How’s your week been? We’ve been bumbling along in our normal fashion, tasting here, delivery there, quick squizz at the horses running at Cheltenham, is it time for lunch yet?

As many of you know, and many more suspected, we are no strangers when it comes to the subject of pies. Over the Christmas period we tend to have the odd mince pie or two handy, we have been known to partake of the odd Melton Mowbray after, or even before, a wine tasting and are even known to pop over to Manuels for an emergency sausage roll on a chilly day.

You can imagine then, our excitement to read the BBC headline “Emma Haruka Iwao smashes pi world record with Google help”. Sadly,  the story went on to explain that Ms Iwao has not harnessed Google’s computing power to make the crust that finite bit better, crustier, or melt in the mouth. She has just extended the number of decimal places in л from 22 trillion to 31 trillion, which if recited would take 332,000 years or so. We’ll spare you,  3.14159 has always been good enough for us, but suffice to say: Well played Ms Iwao!

Cheltenham Gold Cup today, for many it is the highlight of the race calendar, Wayne’s been looking at Might Bite or Presenting Percy but I warn you he’s a bit off the pace this week.  It’s also the finale of the Six Nations this week, so if you’re partaking of the fun at Twickenham give us a wave, we’ll be watching on the telly. We’re a bit surprised to see big Joe left out this week, but then we run a wine shop not the England Rugby team.
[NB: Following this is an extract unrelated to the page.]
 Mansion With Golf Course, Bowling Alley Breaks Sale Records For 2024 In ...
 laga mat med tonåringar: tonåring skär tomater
You know that moment when a song pops up in your head and just won’t go away, a proper earworm that bugs you even though it’s a song you love? We’ve had a bit of that with Joy Division this week.  We pulled up the BBC website and that triggered it: “Confusion in her eyes that says it all She’s lost control”. Counting the boxes in the cellar for the stockcount there it was again: “And she’s clinging to the nearest passer-by She’s lost control” Alex loading the car for a delivery, up it pops: “And a voice that told her when and where to act, she said I’ve lost control again.”  We’re a bit puzzled as to why this song keeps tormenting us.

Meanwhile Trumpolina has spoken about Brexit: “I’m surprised at how badly it has all gone from a standpoint of negotiations but I gave the prime minister my ideas of how to negotiate it, she didn’t listen to that and that’s fine but it could have been negotiated in a different manner.”
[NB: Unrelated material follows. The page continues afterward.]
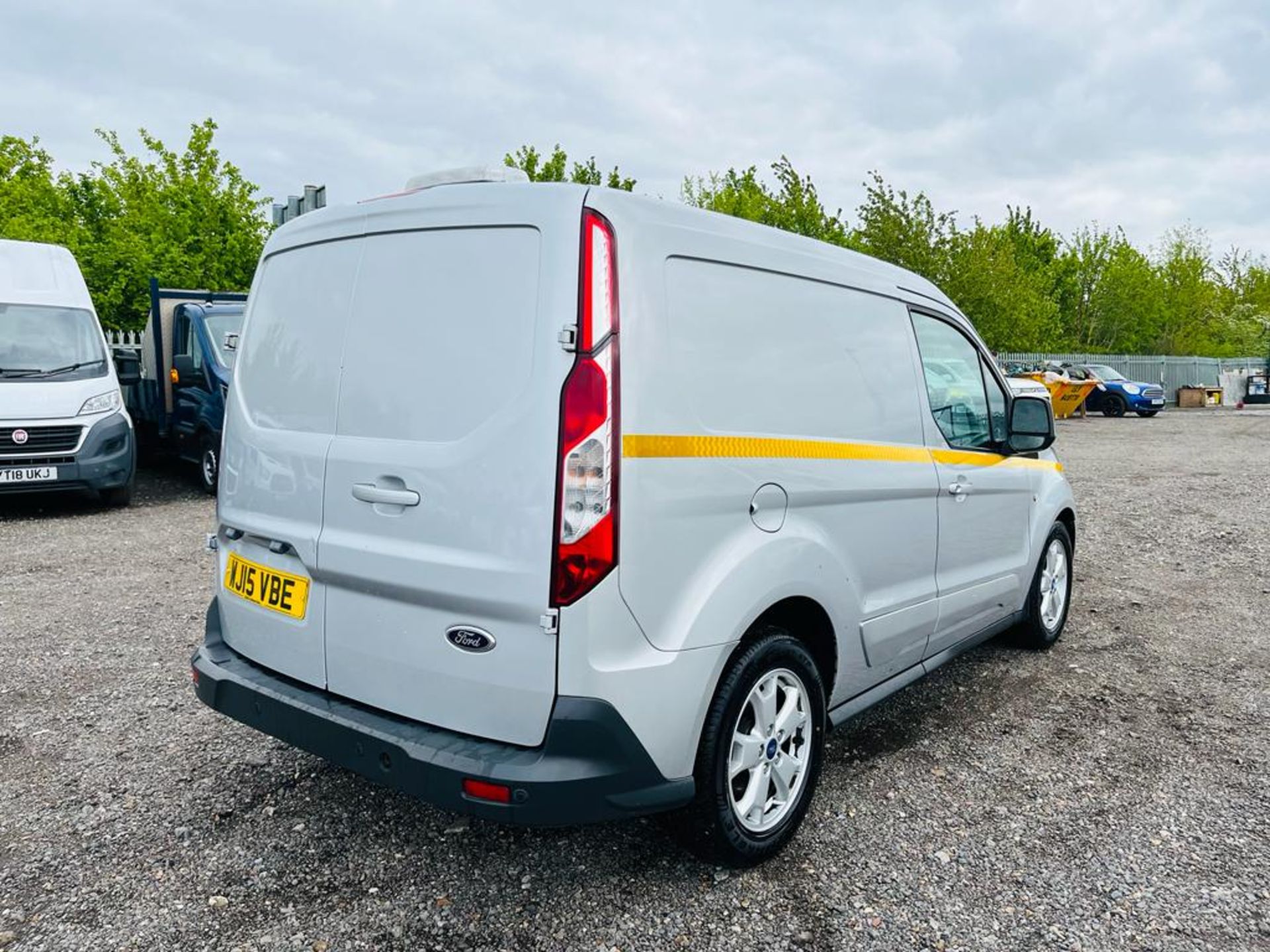 ** ON SALE ** Ford Transit Connect 200 1.6 TDCI 115 Limited 2015 '15 Reg' - A/C - Panel Van - No Vat - Image 11 of 26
In wine news, word on the street is that Pernod Ricard might be putting Jacob’s Creek and Campo Viejo up for sale as part of their move away from focussing on discounting. Meanwhile over in the land of the weird diet or ten (aka USA) we couldn’t help but think that one punter has taken it a little bit too far. Del Hall, director of sales at Ohio’s Fifty West Brewing Company, says he will refrain from all solid food until Easter, drinking only beer for sustenance, as well as water. We can see the appeal of a simple shopping list like that, and couldn’t help but wonder if that made him a vegan, but don’t feel it is something we can recommend. Like any form of extreme exercise, we feel you should check with your GP before embarking on such practice.

I don’t know about you but all the drama in the press this week leaves me reaching for a glass of wine. My aperitif glass of wine is Deep Roots Riesling 2018 (£12.99) a classic dry Riesling from Rheinhessen with citrus and orchard fruit character, a touch of minerality and quite possibly the best partner for that Pad Thai for supper!

Main course red will be One Block Grenache 2015 (£13.99) from Jonathan and Rachel’s Domaine Treloar in the Roussillon. I quite like a glass off it on its own, but I see absolutely no reason not to chomp on a lamb chop with it if you’re peckish.

With that I’m off to sun, sand and fish curry. Wine? Less likely.